U.S. Ambassador Clyde Bishop said while the Marshall Islands government has been given an additional five years to resolve a stalemate with landowners who oppose an agreement giving the U.S. use of the Reagan Test Site at Kwajalein Atoll until 2066, if there is no sign of progress, the U.S. government could reassess its position sooner.

The military use agreement for Kwajalein is a key part of a Compact of Free Association that provides the Marshall Islands with about $70 million annually through 2023 and islanders with visa-free access to the United States.

“No one wants for this issue to result in creating instability in other areas of the Compact,” said Bishop, who wrapped up a two-and-a-half-year stint as ambassador to the Marshall Islands Friday.

“That is not to the benefit of either nation. But I’m sometimes concerned that it is a possibility.”

Landowners have demanded $19 million annually in rent, while an agreement signed by both governments in 2003 provided $15 million that is now over $17 million annually because of inflation adjustment.

The approximately $4 million annual difference between the current rent level and an earlier agreement is in an escrow account that now has more than $22 million awaiting agreement before it is distributed to landowners.

In December last year, Bishop gained Washington approval to delay for five years a Dec. 17 deadline that required money held in escrow be returned to the U.S. Treasury in the absence of an agreement with the landowners.

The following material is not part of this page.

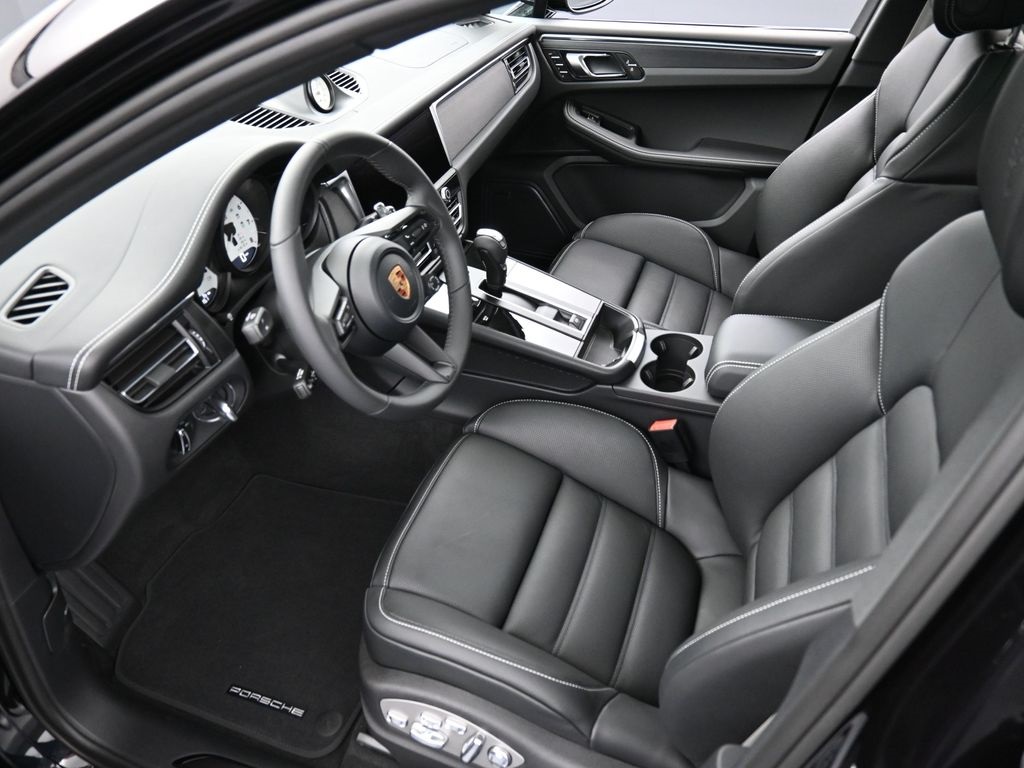 2026 Porsche Macan GTS photo 3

The U.S. has used Kwajalein as a military installation since taking it from Japan in World War II.

It was converted to a missile testing range in 1964 and islanders were relocated to accommodate the testing.

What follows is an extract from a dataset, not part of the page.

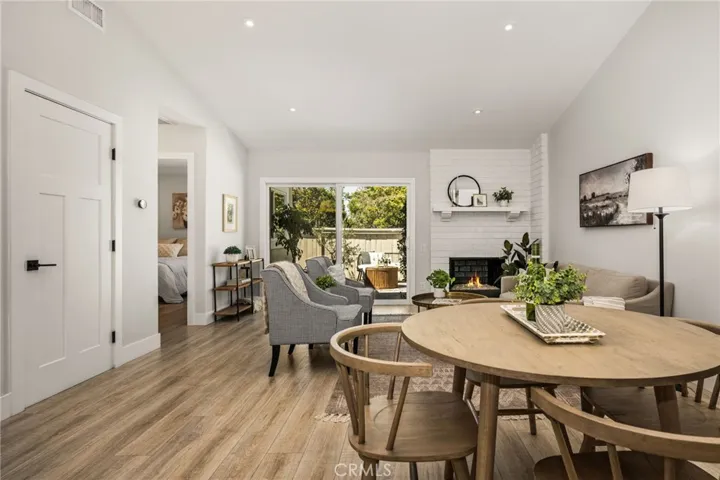 32 Acorn 15, Irvine, California 92604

The leading traditional chiefs for Kwajalein have rejected the deal signed in 2003.

“We want a deal that is fair for both sides,” said chief and Kwajalein Sen. Michael Kabua.

His older brother, a former president of the country, Imata Kabua, said if the U.S. does not improve its offer, then U.S. use of Kwajalein ends in 2016, the end date of the current lease arrangement that was signed in 1986.

“The U.S. position has been clear for five-and-a-half-years,” Bishop said. “(The rent level) is not up for negotiation. If, for some unimaginable reason, the military use and operating rights agreement is abrogated, it will have the effect of a snowball rolling down the hill. The U.S. economic presence here is significant. To remove it will cause an economic crisis.”

In addition to the approximately $70 million in annual funding the Marshall Islands receives through the Compact, about 900 Marshall Islanders work at the missile testing range at Kwajalein, and the national government receives taxes on the salaries of the 1,000 Americans working there.

An example of the possible spinoff impact if the military use agreement is not extended to 2066 is to open the possibility of the U.S. withdrawing funding provided to a national trust fund that now has over $90 million and is intended to help this country when U.S. grant aid ends in 2023, Bishop said.

“It’s not a requirement that the funding be withdrawn, but it opens the possibility,” he said. “Another element is the post office. If Kwajalein is not here, why is the U.S. Postal Service here? I’m not trying to take a doomsday approach. We’re not going there. But there needs to be an evaluation of the problem. Is it worth the ramifications that can occur?”

Agreement of the Kwajalein landowners “is like the string in a sweater. You pull it out and the whole thing unravels.”